I'm in therapy. You should be in therapy. Find a better therapist - they're there to listen to you and help you work towards what you want. I mentioned to mine last week that I felt we were stalling, and we talked about what we could do to improve that, and worked on a "plan" to get what I want from therapy. You can find someone like that, even if it takes a while (this is my 4th therapist, tho my 2nd one was also great).

What you should also tell yourself is that there is no shame in being where we are, our life isn't over yet and we can start again. I don't even have a clue where I wanna go yet, but I'm not gonna stress myself into making a decision - if I only figure out "what I want" in my 50es, then so be it, as long as I'm not completely miserable in the meantime.

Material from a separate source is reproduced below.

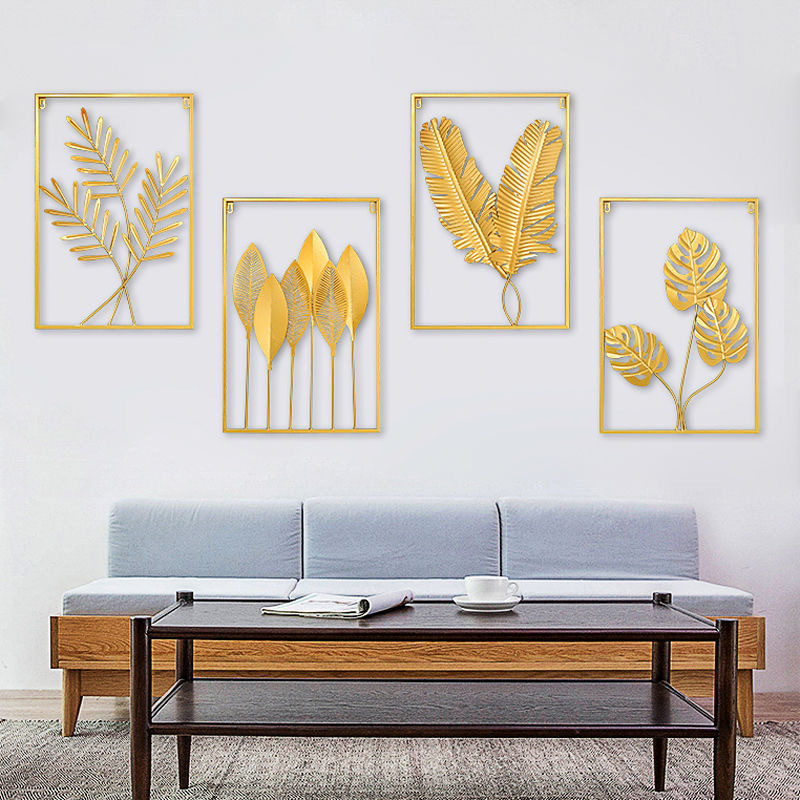 亚马逊彩色铁艺叶子现代客厅墙面装饰电视沙发背景墙挂件玄关缩小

So take it slow, face your (seemingly insurmountable issues) one at a time. Don't set yourself impossible goals that you won't achieve and then get depressed over. Little things. Get a job, even if it's beneath you. Then you have a safety net that'll give you some breathing space to figure out your next step, and so on. And don't stress yourself out if it all takes a while.

It's worked for me so far. Good luck!
posted by ClarissaWAM at 5:33 AM on February 27, 2011 [3 favorites]

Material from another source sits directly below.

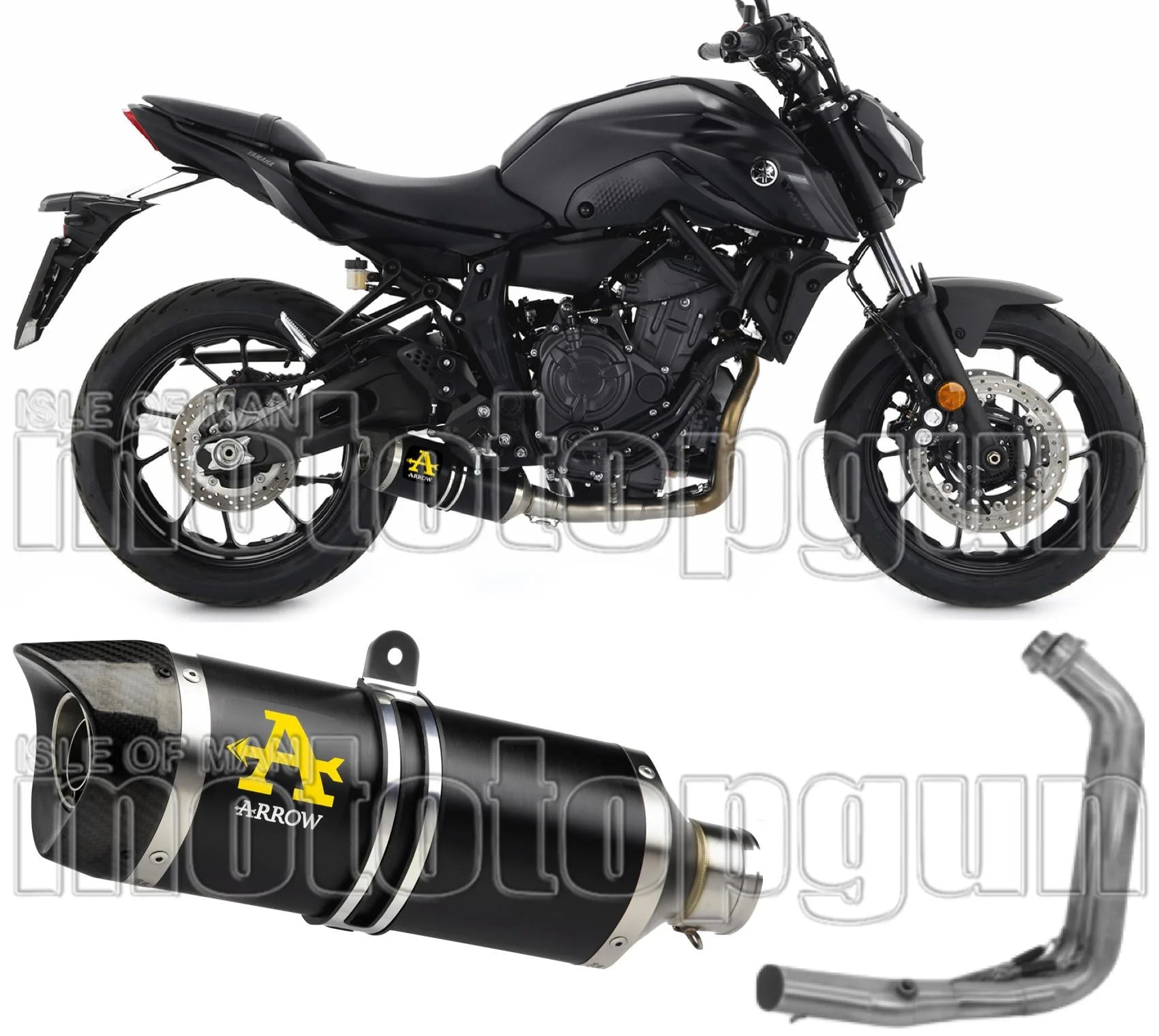 Sistema De Escape Completo Sin Catalizador Y Con Homologación Acústica Thunder Aluminio Negro Carbono - Arrow Special Parts Compatible Con Yamaha Mt-07 (2021-2024)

It strikes me that it might be really, really useful to think in much smaller tasks, have you tried this?

Your dream life has an awful lot to it that you can realise. I strongly advise against architecture because it's all-consuming and absolutely disastrous to a procrastinator or anyone struggling with depression/low self-esteem, but you can be a published author. Maybe it doesn't pay your bills, something else does, but if you write 1000 words a day you're amassing work and it gets better and you keep at it and you pitch it and eventually, odds are it will get published, and you keep learning and keep going. Maybe it's not 1000 words a day, it's 200 - slower, but still happening, right? Maybe it starts with 50. 50's nothing. It adds up and it's easy, though.

So, take that and apply it to work - retail and service industry jobs mostly suck, but they allow you to chip away at your debt and avoid being consumed by that while you work on a bigger dream, or while economic recovery broadens your jobs options. Don't weigh it against your degree, it's just a little thing right now that's solving a real issue (debts for which you are responsible), not your identity. At all. Actually, the more something becomes your idea of identity, in my experience, the more it's a big deal and jumps into procrastination - do the stuff that's easy and doesn't matter, because doing stuff makes it easier to do other stuff and it buys you time, and doing nothing is both brutally depressing and the cause of other problems (still that debt, hi!).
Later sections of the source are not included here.